With that said, in the typical case and using a modern filesystem and OS, I would expect your example to produce the following final state on disk ('b' and 'a' represent extra bytes allocated to 'B' and 'A' that do not contain any meaningful data):

xxxxxxxxxxxxxxxBBBBBBBBBBBBBBBBbbAAAAAAaaxxxxxxxxxxxxxxxxxxxxxx

But real-world results will of course vary by filesystem, OS, and potentially other factors (for instance, when using an SSD data fragmentation becomes irrelevant because any section of the disk can be accessed at very low latency and with no seek penalty but at the same time it becomes important to minimize write cycles so that the device doesn't wear-our prematurely, so the OS may favor leaving 'A' in place as much as possible in that case in order to minimize the number of sectors that need to be overwritten).

So the short answer is, "it depends".

How allocation is done depends entirely on the file system type (e.g.

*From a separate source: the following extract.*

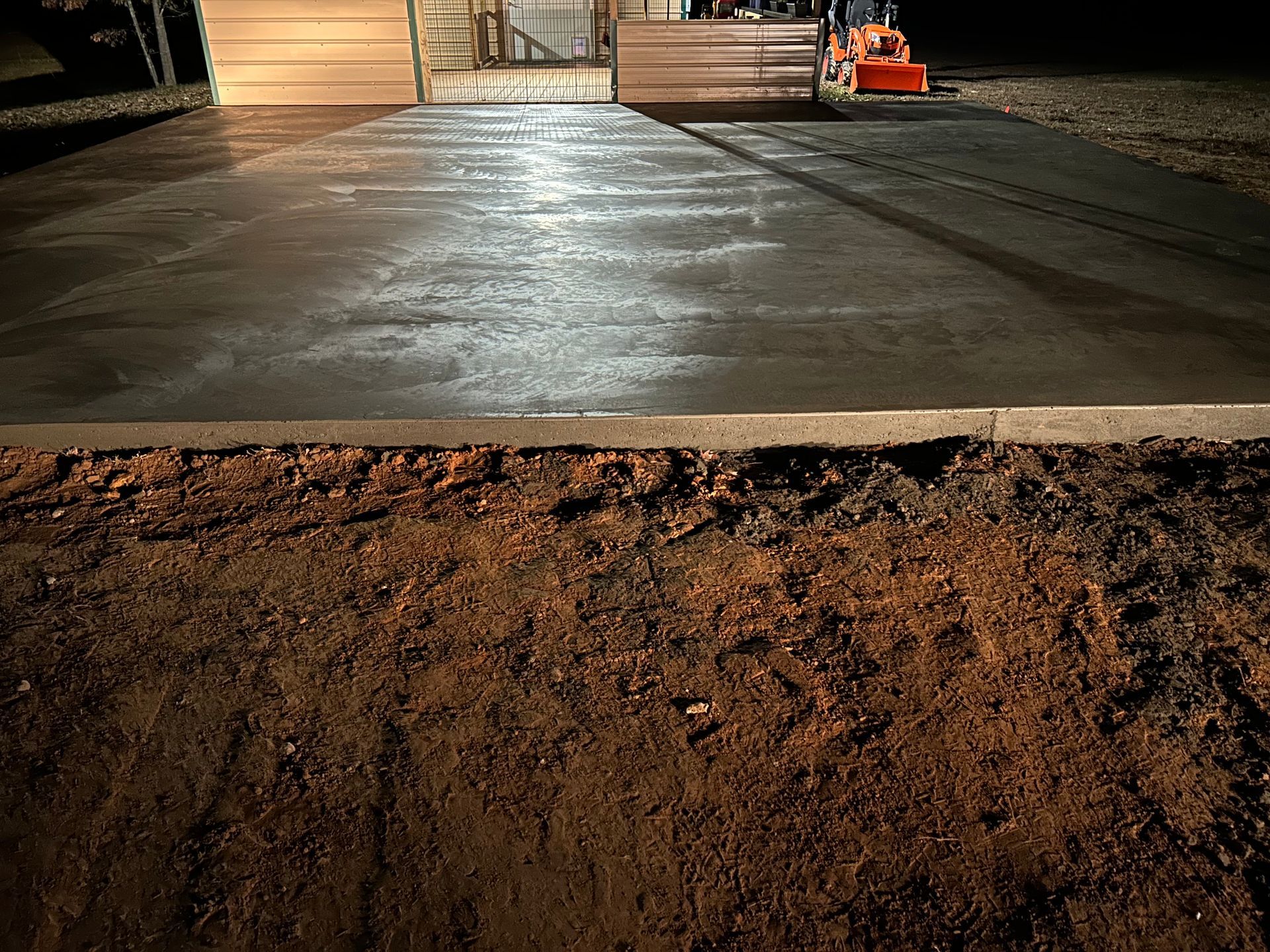Freshly poured concrete slab in front of a building at night, with dark soil in the foreground.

FAT32, NTFS, jfs, reiser, etc. etc.) and the driver software. Your assumption that the file will be stored contiguously is not necessarily true - it may be more performant to store it in a different pattern, depending on hardware. For example, let's say you have a disk with 16 cylinder heads and a blocksize of 512 bytes, then it could be most efficient to store an amount of 8k data on 16 different cylinders.
OTOH, with recent hardware that does not involve rotating mechanical parts, the story changes dramatically - a concept like "fragmentation" becomes suddenly meaningless, because the access time to each block is the same - no matter in which order it is done.

No it's like this:

First you create file A: (here big A stands for data actually used for A and 'a' for reserved data for A, x stands for free).

AAAAAAAAAAAAAaaaaaaaXXXXXXXXXXXXXXXXXXX

Then B is added:

AAAAAAAAAAAAAaaaaaaaBBBBbbbbbbbbbb

Then C is added, but there is no unreserved space left:

AAAAAAAAAAAAAaaaaaaaBBBBbbbbCCCccc

If A is truncated this is what will happen

AAAAAaaaaaaaxxxxxxxxBBBBbbbbCCCccc

If B is now expanded this will happen:

AAAAAaaaaaaaBBBBxxxxxBBBBBBBBCCCccc

You see that the data for B is no longer close to each other, this is called fragmentation. When you run a defragmentation tool the data is placed close together again.